3. Negoziati in corso: “Grandi progressi” verso un’intesa completa con i rappresentanti di Teheran.
IL BLOCCO RIMANE – Nonostante lo stop ai raid e alle manovre offensive, Trump ha chiarito che il blocco navale statunitense dello Stretto di Hormuz resterà pienamente operativo. La strategia di Washington appare dunque quella di allentare la pressione cinetica mantenendo però il soffocamento economico sulla Repubblica Islamica per garantire il rispetto dei termini negoziali.

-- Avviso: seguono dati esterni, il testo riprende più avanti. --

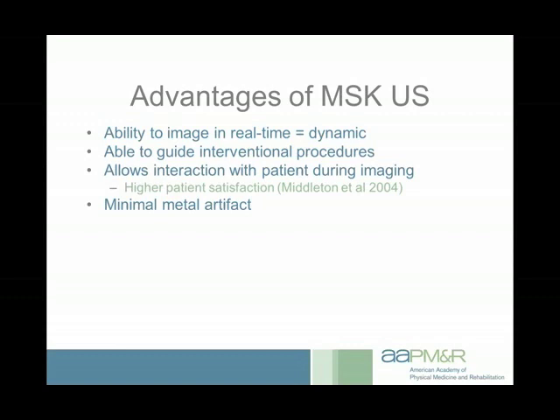Higher patient satisfaction certainly improves your practice. Ultrasound is not as susceptible to artifact as other imaging modalities. You can't see through metal, but you can see things superficial to it. If someone had an ORIF procedure and still has hardware in place with pain around it, you can image that area and see if there's soft tissue rubbing on it, look for fluid collections, and if there are fluid collections you can aspirate and send for culture and sensitivity.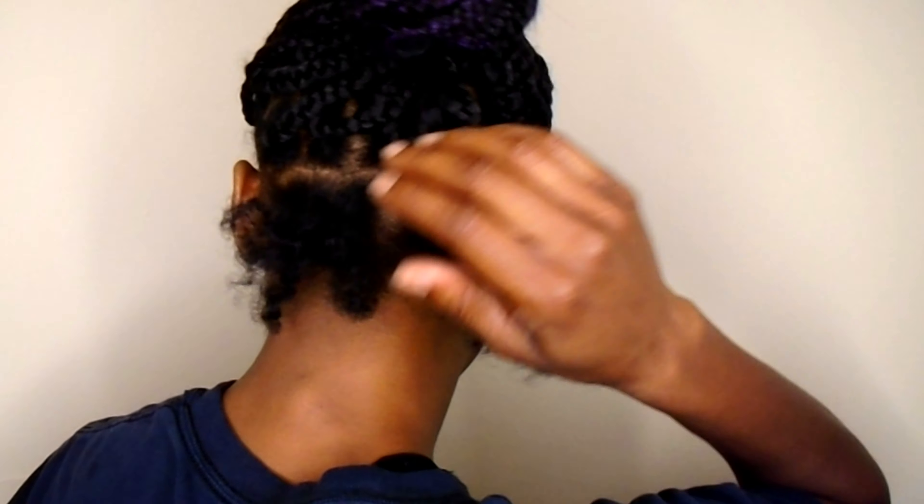To slick my hair down, I use this extra hold edge control — I normally don't get the extra hold but this is what I got, and we still got a full jar going. I also have a Denman brush and some clips, so I'm just gonna go ahead and handle this.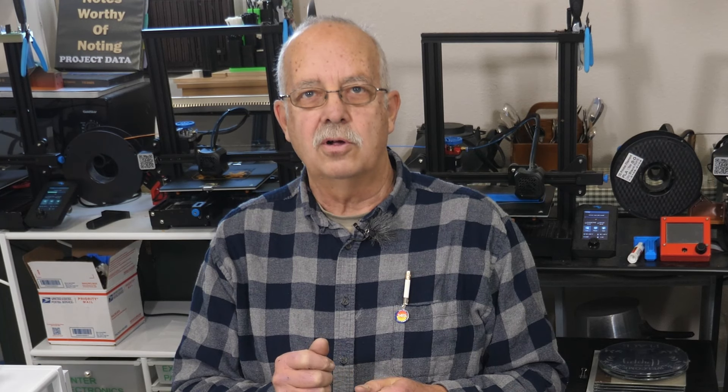If you got anything out of this, a thumbs up always helps the channel, and we're always looking for subscribers. I'm Roger, in the loft. Thanks for watching — we'll see you in the next one.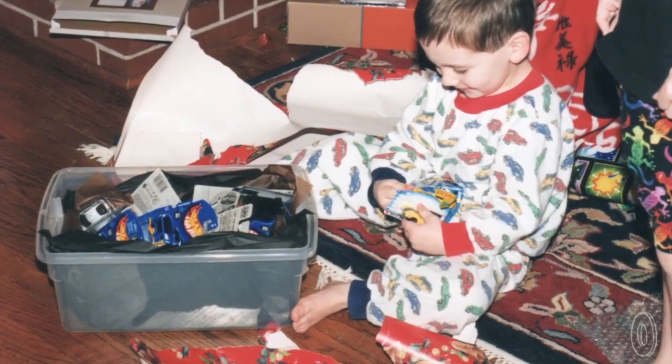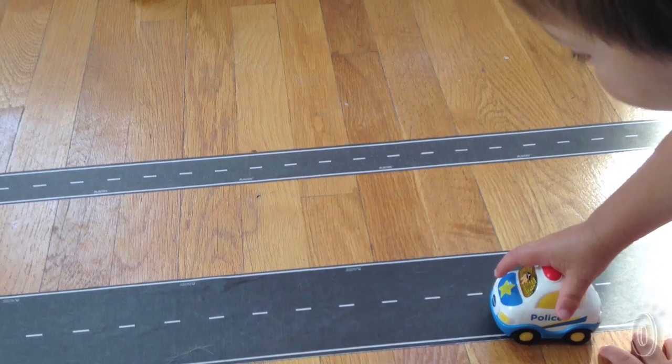Play Tape started as an idea when my young son, who was three at the time, had an obsession with toy cars and in fact got a huge box of them for Christmas one year. That posed a problem for us because we had lots and lots of toy cars, but we had no toy roads to drive them on.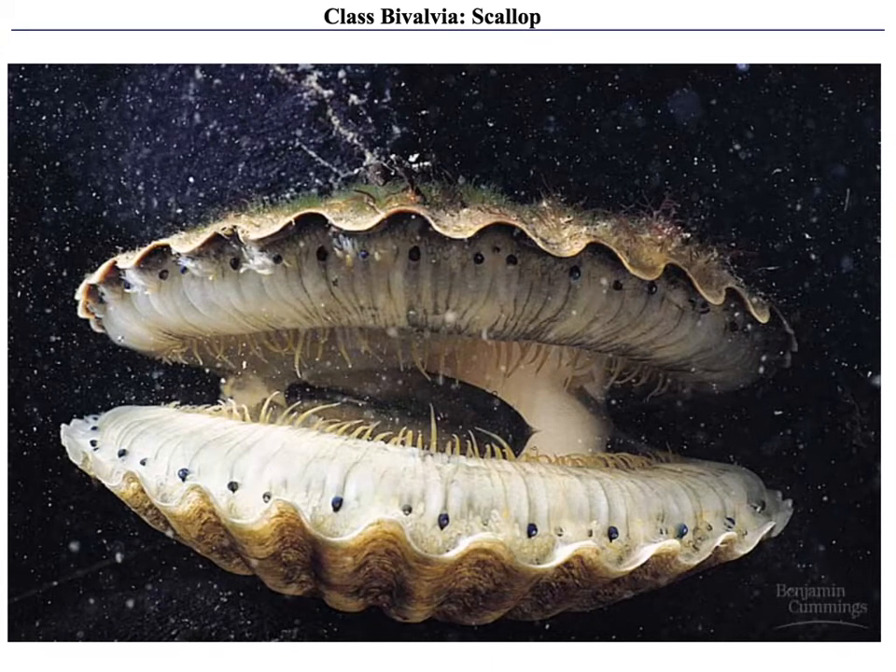In this presentation I want to talk a little bit about the class Bivalvea. Bivalves have two shells that are connected at a hinge and include animals like scallops, clams, and mussels.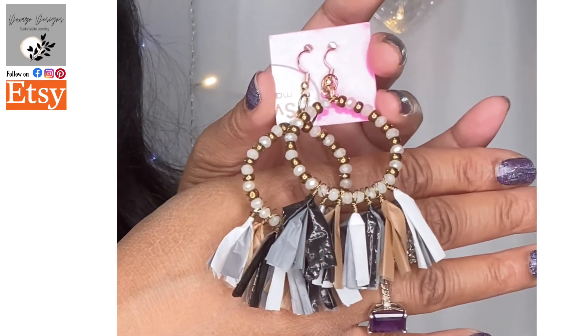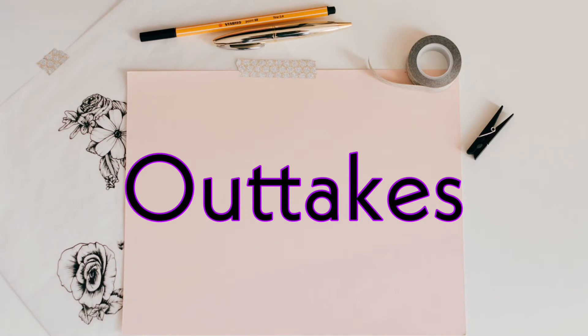The store is called Doxazzo Designs, they're on Etsy, and I'll have a link in the description box below. You can also find them on Pinterest, Facebook, and Instagram. She's always coming up with new fun things, and this latest eco-friendly jewelry venture is my favorite thing she's done so far because sustainable crafting is near and dear to my heart. That's all I've got for you in this video — catch you in my next one, bye!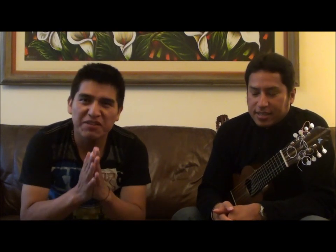Muy bien amigos, continuamos en esta última parte de esta gran entrevista al gran músico peruano Federico Tarazona. La primera pregunta sería: ¿cómo obtener velocidad y calidad de sonido?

IL CONTESTO – L’annuncio giunge in un momento di forte tensione interna: il Segretario di Stato Marco Rubio ha difeso la legittimità delle azioni intraprese, mentre il Congresso continua a monitorare la violazione dei termini della War Powers Resolution. La Casa Bianca, al momento, non ha fornito ulteriori dettagli tecnici sul cronoprogramma della pausa o sulle clausole specifiche del settlement in discussione.
REAZIONI – Fonti diplomatiche pakistane confermano il ruolo di Islamabad come “ponte” tra le parti. Teheran non ha ancora rilasciato dichiarazioni ufficiali, ma la pausa è vista dagli osservatori internazionali come l’ultima finestra utile per evitare un’escalation su scala regionale prima della ripresa delle ostilità.